What to do: Please write out every line of the listing without alteration, but omit the images.

Collected material:
★ ★ ★ ★ ★ ★ ★

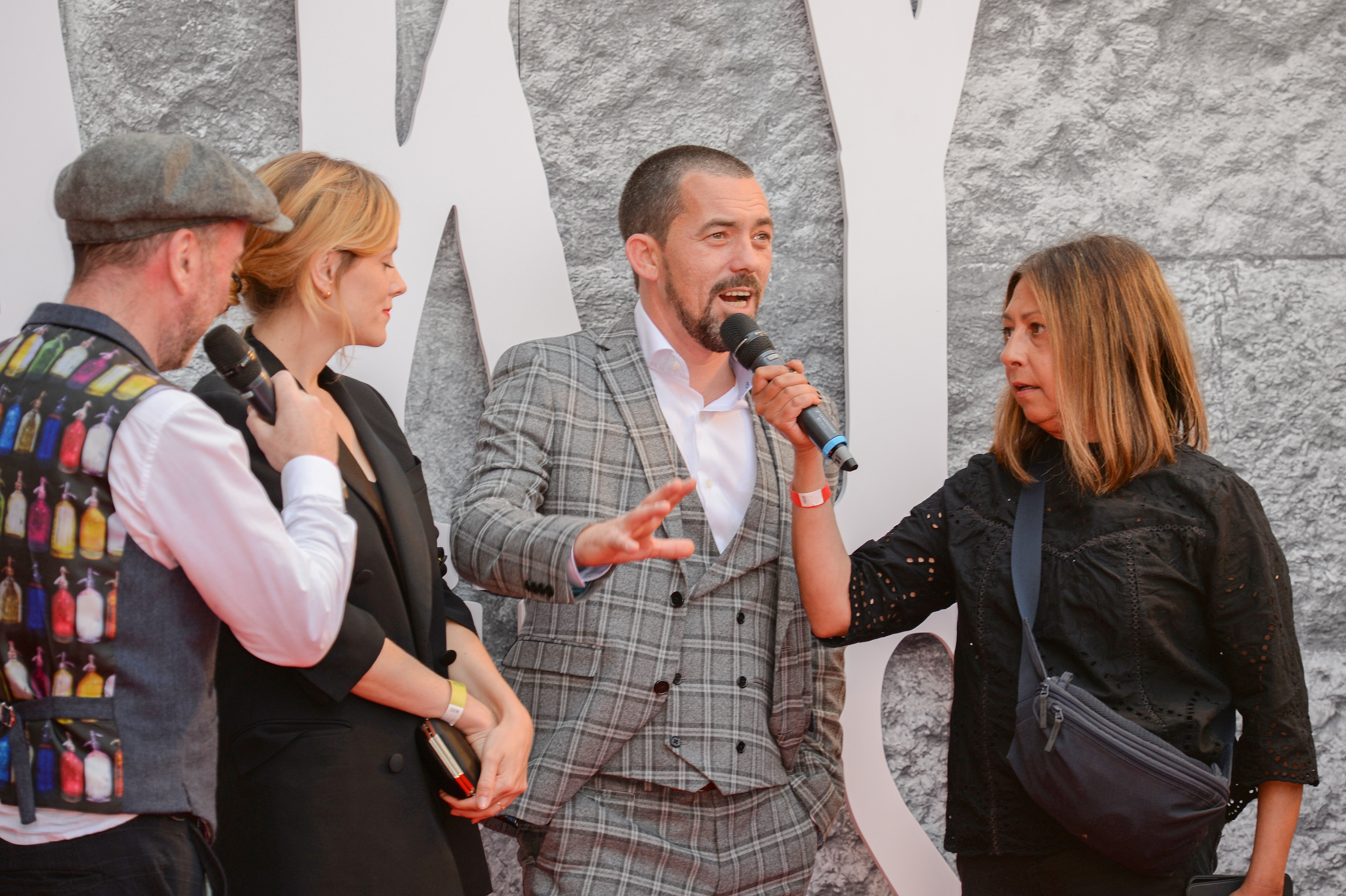 A woman interviews Packy Lee while Sophie Rundle stands beside him.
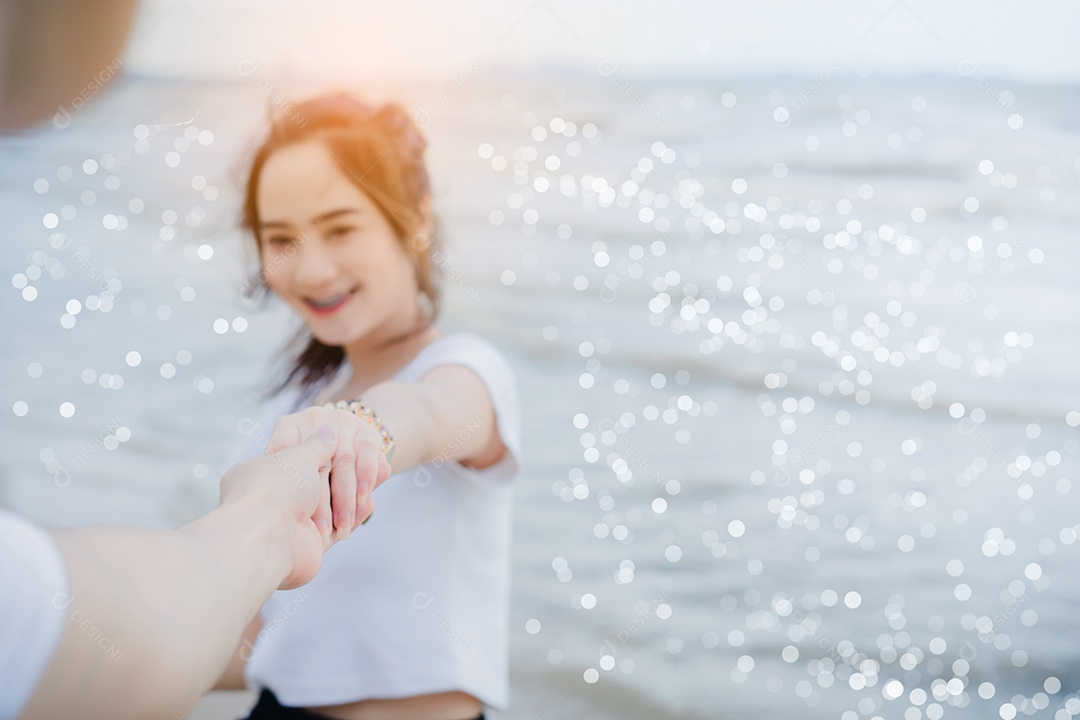 Jovem de mãos dadas com garota na praia e casal tendo felicidade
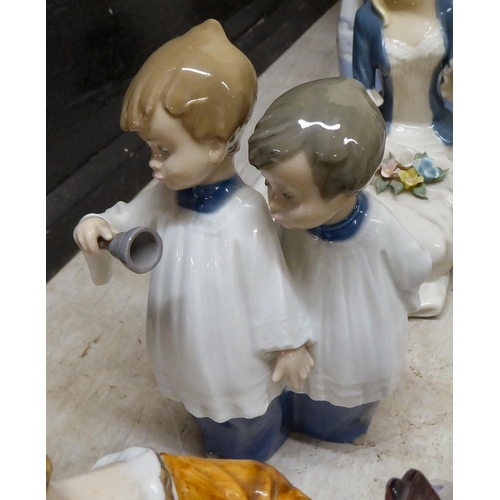 165 - Post World War II European china and porcelain figures and groups: to include examples by Lladro and...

★ ★ ★ ★ ★ ★ ★

Answer space:
 A woman interviews Packy Lee while Sophie Rundle stands beside him.
 Jovem de mãos dadas com garota na praia e casal tendo felicidade
 165 - Post World War II European china and porcelain figures and groups: to include examples by Lladro and...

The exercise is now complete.